I think the best use of it is to rent just when you will use, like hiring a musician when you need. Then you record it and have this recording forever.

Yeah, I saw the first month at $1, so that will be useful for a test. Also, the email I got on Tonalic mentioned an Essential version, which they described as:

Offering an exclusive selection of guitar material, this small edition of Tonalic comes complete with all the functions and musical intelligence of the larger editions. And, what’s more, no time limit! The license will never expire.

Thus, since I don’t have anything needing this at present, I may wait to see what this has for an initial test on the workflow front. The email suggested availability of that version within a few more days. (It’ll probably take me that long to finish mixing my current project to be ready to even start on something new.)
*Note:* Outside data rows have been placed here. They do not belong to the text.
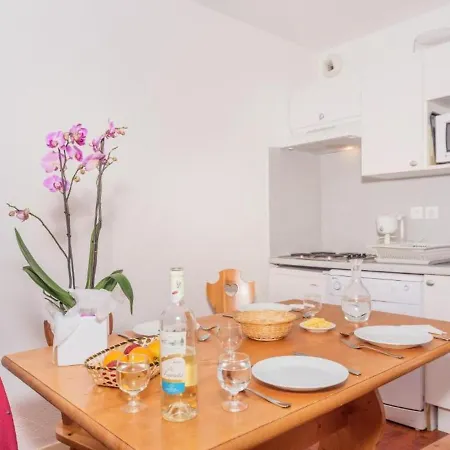 2 Pieces Avec Terrasse, Piscine Et Parking - 6 Personnes, Pres De Saint-lary-soulan - Fr-1-504-131 Apartment Vignec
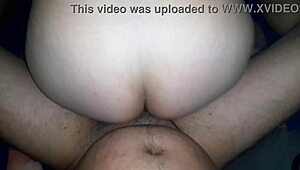 Amateur couple fucks in cowgirl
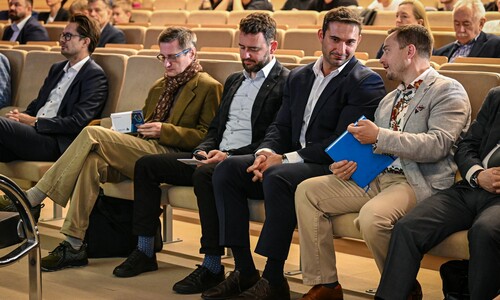 Zdjęcie uczestnik&oacute;w konferencji 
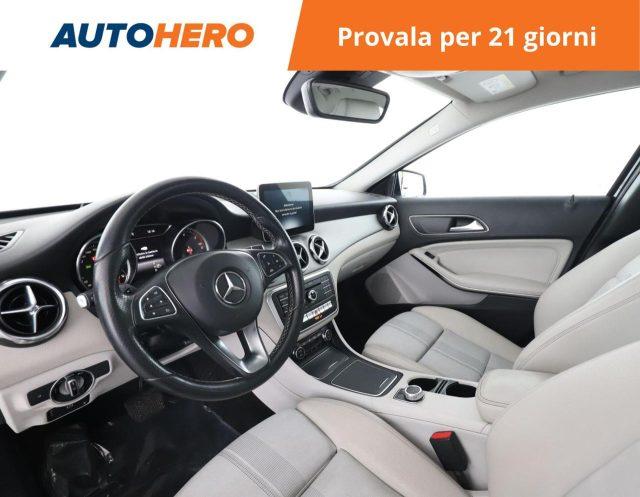 MERCEDES-BENZ GLA 200 d Automatic Sport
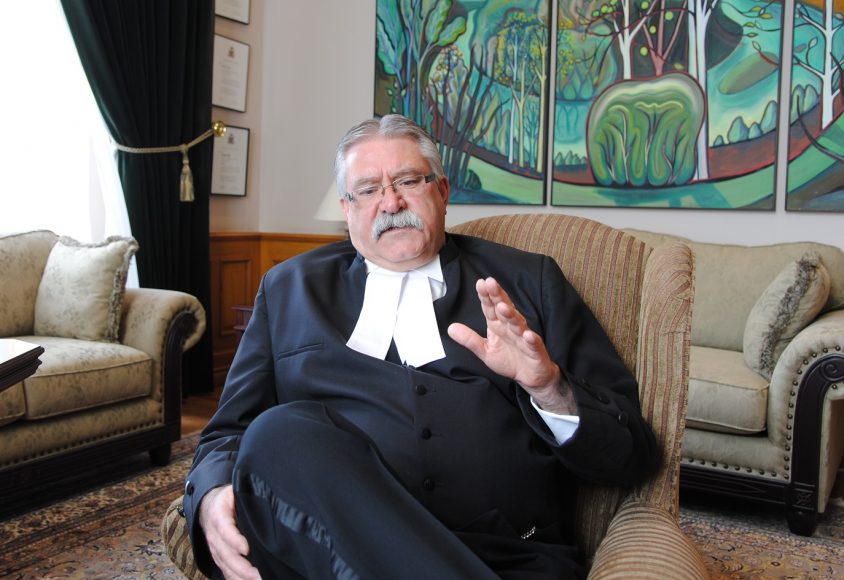 Profile: How Ontario Speaker Dave Levac keeps calm and orders on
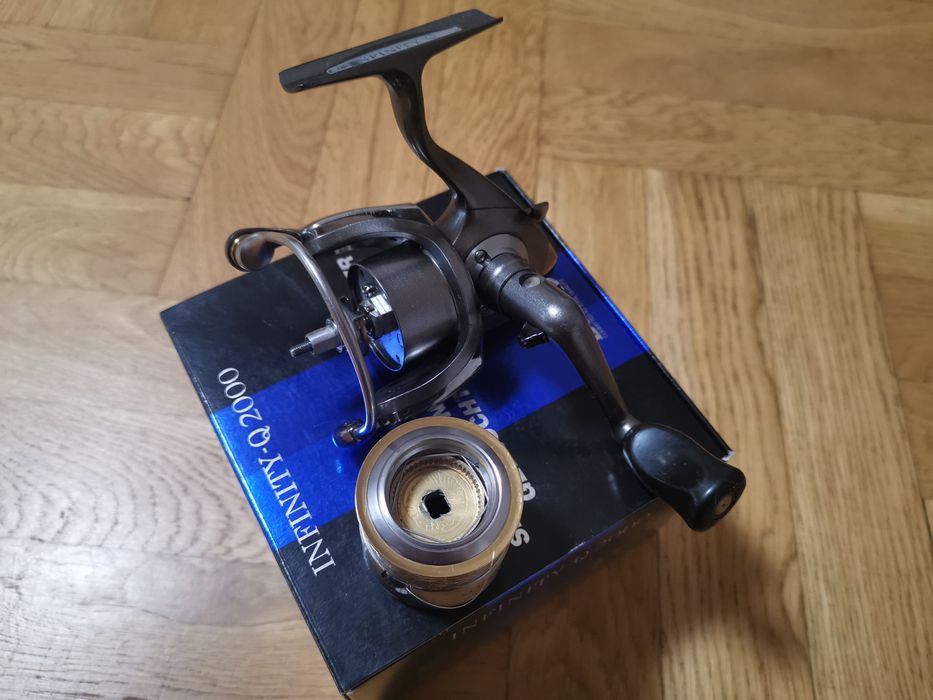 Макара Daiwa Infinity Q 2000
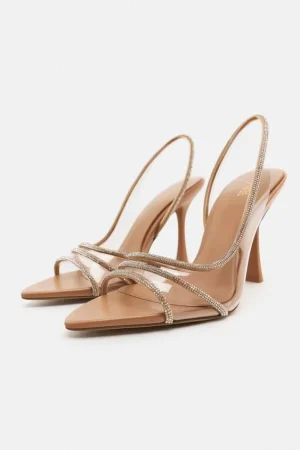 Siente el glamour y la comodidad con las sandalias de tacón alto de vinilo de Zara: ideales para tus fiestas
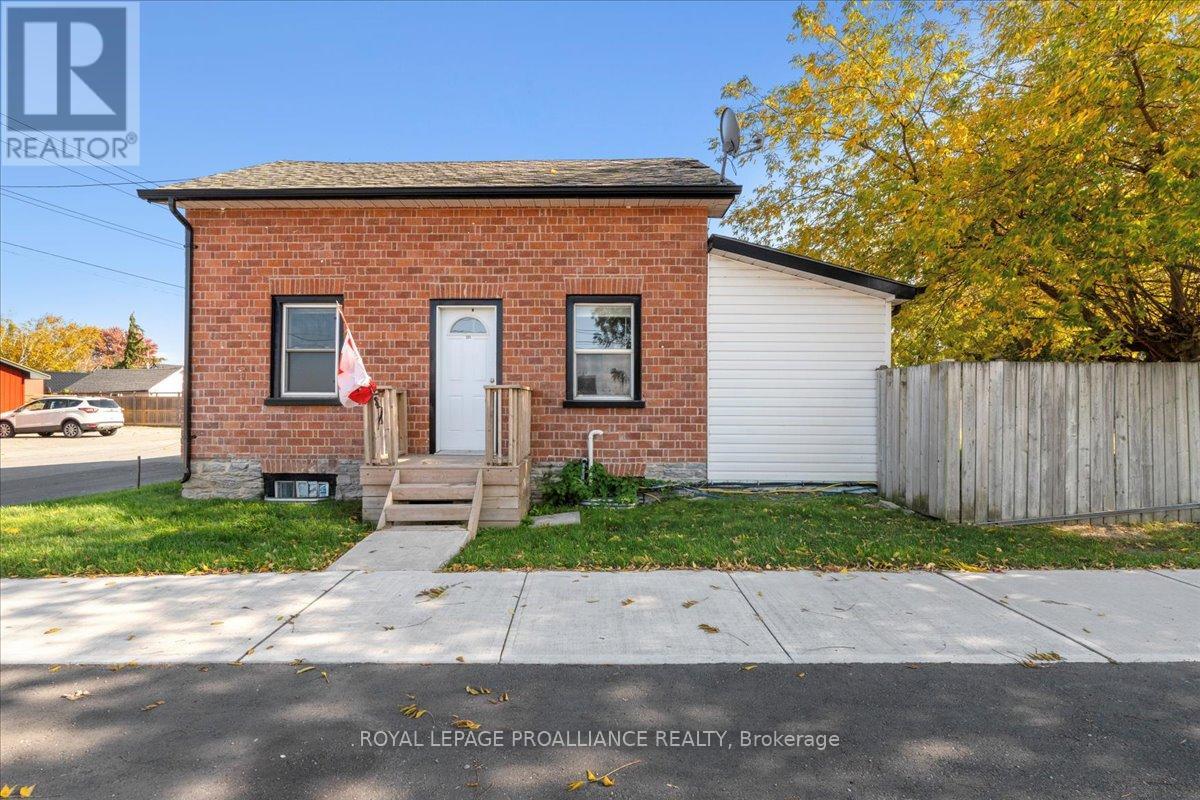 374 Main St, Prince Edward County Picton Ward, ON K0K 2T0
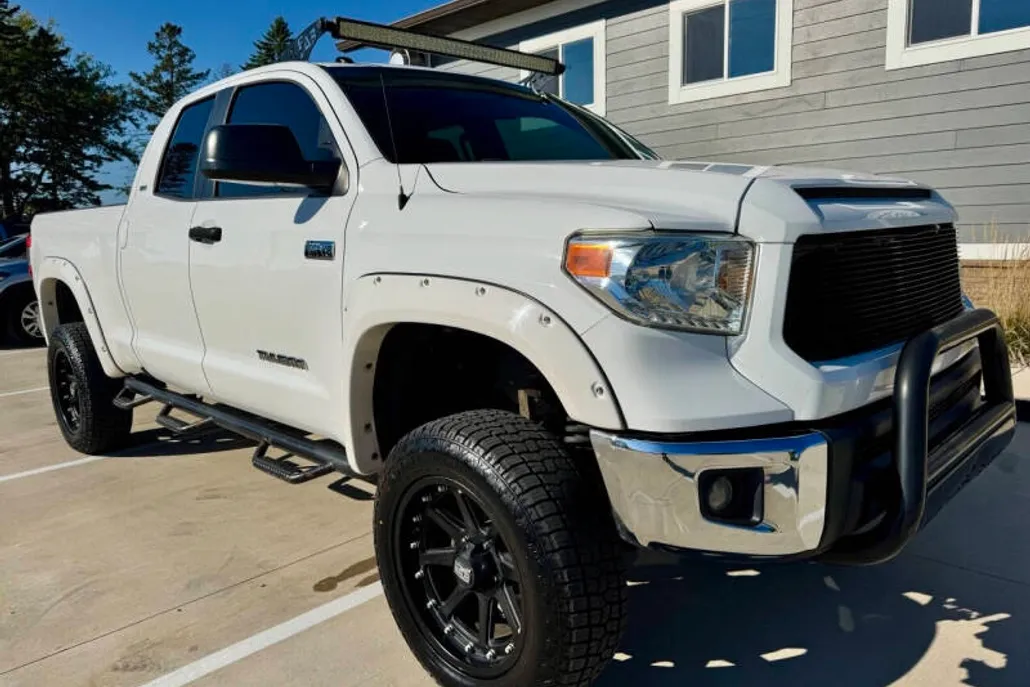 2014 Toyota Tundra SR5 photo 1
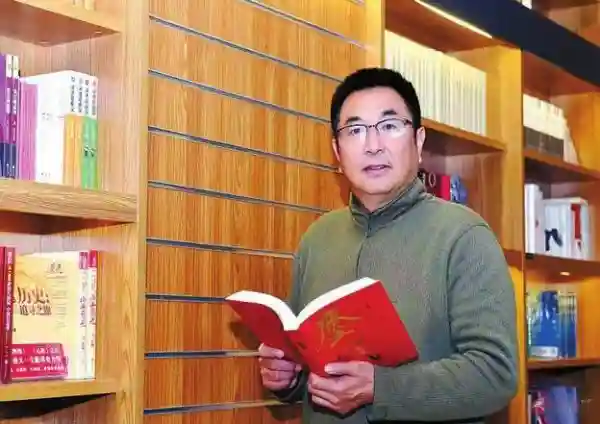 从天中出发的张新科 他眼中有星辰大海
The only problem I have with the just renting when I’ll use it is that, if it ended up being something I’d use on every recording, and I just kept to my typical profile, I might well need it on the order of once a month. But if I try a more assembly-line approach to doing multiple recordings, and this really sped up my workflow for whatever parts I’d end up using it on (and assuming it really improved the quality of those parts versus how I do them now – I’m thinking both might be conceivable), then maybe I could deal with just a month here and there, like maybe once a quarter, which could at least keep it in territory similar to the annual Cubase update.

sounds like a good plan for me :wink:

People manually playing instruments and you have pay them? :face_with_raised_eyebrow: It’ll never catch on …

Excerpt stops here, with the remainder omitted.